What the task requires: Taking the entries below from the top, restate each line exactly and end with the line containing "VEVOR Stazione di".

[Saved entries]
========================
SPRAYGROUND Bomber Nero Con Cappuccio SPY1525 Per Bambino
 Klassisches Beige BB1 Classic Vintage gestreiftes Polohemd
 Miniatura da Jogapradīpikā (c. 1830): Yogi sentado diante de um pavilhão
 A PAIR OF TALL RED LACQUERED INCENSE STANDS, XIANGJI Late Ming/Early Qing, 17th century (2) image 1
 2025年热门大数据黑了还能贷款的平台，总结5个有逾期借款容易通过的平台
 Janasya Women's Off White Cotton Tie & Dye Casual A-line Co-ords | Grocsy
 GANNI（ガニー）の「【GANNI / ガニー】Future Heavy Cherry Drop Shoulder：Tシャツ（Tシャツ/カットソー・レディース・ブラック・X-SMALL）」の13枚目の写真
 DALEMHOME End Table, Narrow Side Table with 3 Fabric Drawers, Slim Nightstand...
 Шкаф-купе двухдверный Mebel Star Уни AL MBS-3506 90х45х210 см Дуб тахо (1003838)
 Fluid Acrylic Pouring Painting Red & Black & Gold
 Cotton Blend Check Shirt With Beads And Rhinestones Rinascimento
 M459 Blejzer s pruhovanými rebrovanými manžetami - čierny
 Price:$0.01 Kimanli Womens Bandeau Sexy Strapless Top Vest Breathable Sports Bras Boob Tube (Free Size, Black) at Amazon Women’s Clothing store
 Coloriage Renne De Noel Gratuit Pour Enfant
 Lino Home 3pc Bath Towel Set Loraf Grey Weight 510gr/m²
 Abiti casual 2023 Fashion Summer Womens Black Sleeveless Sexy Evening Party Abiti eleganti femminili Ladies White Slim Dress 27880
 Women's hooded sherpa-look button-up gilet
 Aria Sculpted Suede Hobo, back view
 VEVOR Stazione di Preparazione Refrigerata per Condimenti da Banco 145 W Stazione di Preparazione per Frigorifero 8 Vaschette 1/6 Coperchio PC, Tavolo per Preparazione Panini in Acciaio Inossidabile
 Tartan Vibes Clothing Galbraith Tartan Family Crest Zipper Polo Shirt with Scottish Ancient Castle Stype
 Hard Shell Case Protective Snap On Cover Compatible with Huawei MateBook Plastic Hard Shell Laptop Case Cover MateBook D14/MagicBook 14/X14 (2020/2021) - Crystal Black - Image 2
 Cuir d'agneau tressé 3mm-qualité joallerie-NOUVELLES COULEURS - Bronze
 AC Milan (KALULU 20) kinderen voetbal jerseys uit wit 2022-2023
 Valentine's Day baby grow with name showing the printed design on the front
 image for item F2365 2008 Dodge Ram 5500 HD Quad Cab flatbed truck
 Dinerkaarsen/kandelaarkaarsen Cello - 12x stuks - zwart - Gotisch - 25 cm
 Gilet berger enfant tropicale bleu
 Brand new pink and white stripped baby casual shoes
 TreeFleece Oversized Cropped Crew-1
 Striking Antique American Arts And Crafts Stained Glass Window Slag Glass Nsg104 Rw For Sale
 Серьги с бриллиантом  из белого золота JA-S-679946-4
========================
Result below:
SPRAYGROUND Bomber Nero Con Cappuccio SPY1525 Per Bambino
 Klassisches Beige BB1 Classic Vintage gestreiftes Polohemd
 Miniatura da Jogapradīpikā (c. 1830): Yogi sentado diante de um pavilhão
 A PAIR OF TALL RED LACQUERED INCENSE STANDS, XIANGJI Late Ming/Early Qing, 17th century (2) image 1
 2025年热门大数据黑了还能贷款的平台，总结5个有逾期借款容易通过的平台
 Janasya Women's Off White Cotton Tie & Dye Casual A-line Co-ords | Grocsy
 GANNI（ガニー）の「【GANNI / ガニー】Future Heavy Cherry Drop Shoulder：Tシャツ（Tシャツ/カットソー・レディース・ブラック・X-SMALL）」の13枚目の写真
 DALEMHOME End Table, Narrow Side Table with 3 Fabric Drawers, Slim Nightstand...
 Шкаф-купе двухдверный Mebel Star Уни AL MBS-3506 90х45х210 см Дуб тахо (1003838)
 Fluid Acrylic Pouring Painting Red & Black & Gold
 Cotton Blend Check Shirt With Beads And Rhinestones Rinascimento
 M459 Blejzer s pruhovanými rebrovanými manžetami - čierny
 Price:$0.01 Kimanli Womens Bandeau Sexy Strapless Top Vest Breathable Sports Bras Boob Tube (Free Size, Black) at Amazon Women’s Clothing store
 Coloriage Renne De Noel Gratuit Pour Enfant
 Lino Home 3pc Bath Towel Set Loraf Grey Weight 510gr/m²
 Abiti casual 2023 Fashion Summer Womens Black Sleeveless Sexy Evening Party Abiti eleganti femminili Ladies White Slim Dress 27880
 Women's hooded sherpa-look button-up gilet
 Aria Sculpted Suede Hobo, back view
 VEVOR Stazione di Preparazione Refrigerata per Condimenti da Banco 145 W Stazione di Preparazione per Frigorifero 8 Vaschette 1/6 Coperchio PC, Tavolo per Preparazione Panini in Acciaio Inossidabile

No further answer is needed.